Canon-McMillan High School in Washington County. Photo courtesy of Marcellus Air
State: No cancer cluster in Washington County school district
The Pennsylvania department of health has determined that there is no cancer cluster in a Washington County school district. The agency conducted the study after several cases of Ewing sarcoma, a rare bone cancer, were reported there.
The department looked at statistics from the Pennsylvania Cancer Registry dating to 1985. In addition to Ewing sarcoma, the agency looked at other types of cancer rates: liver, brain, bone, lung, and breast cancers. It compared cancer rates in Washington County and Canon-McMillan School District against statewide rates.

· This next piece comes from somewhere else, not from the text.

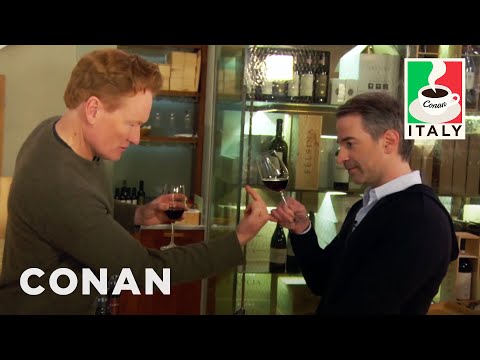 Conan & Jordan Schlansky's Italian Wine Tasting  - CONAN on TBS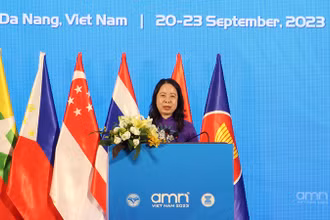 Phó Chủ tịch nước Võ Thị Ánh Xuân phát biểu khai mạc.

In a report released Tuesday, the state concluded that rates of Ewing sarcoma weren’t “consistently or statistically significantly higher than expected” in either Washington County or the school district.
The study did find that between 2005 and 2017, rates of Ewing sarcoma were three times higher than expected in the school district. The rare tumor mainly affects young people and can be fatal.
The authors said the number of cases was so small — just three instances of Ewing sarcoma in the district over those years — that the higher-than-expected rates weren’t “statistically significant.”
Only about 200 cases of the tumor are reported in the U.S. each year.
Jian-Min Yuan, a professor of epidemiology at Pitt’s Graduate School of Public Health, said the state used appropriate methods in analyzing whether the Washington County cases represented a cancer cluster or were a statistical anomaly.
He said the sample size of cases in the district was too small to determine whether there was a cancer cluster.
“It is unusual for this small area to have three Ewing cancers occur in a very short time period, but the scientific evidence does not support it yet,” Yuan said.
When the department announced it was performing the study, it said it would be looking into “possible environmental risk factors” for cancer in the area. The district includes a former radium and uranium plant in Canonsburg. It’s also in one of the busiest natural gas areas in the state, near more than a thousand shale gas wells and several compressor stations and other natural gas processing facilities.
The agency said it will continue to monitor the rate of pediatric cancers in the district as new data become available.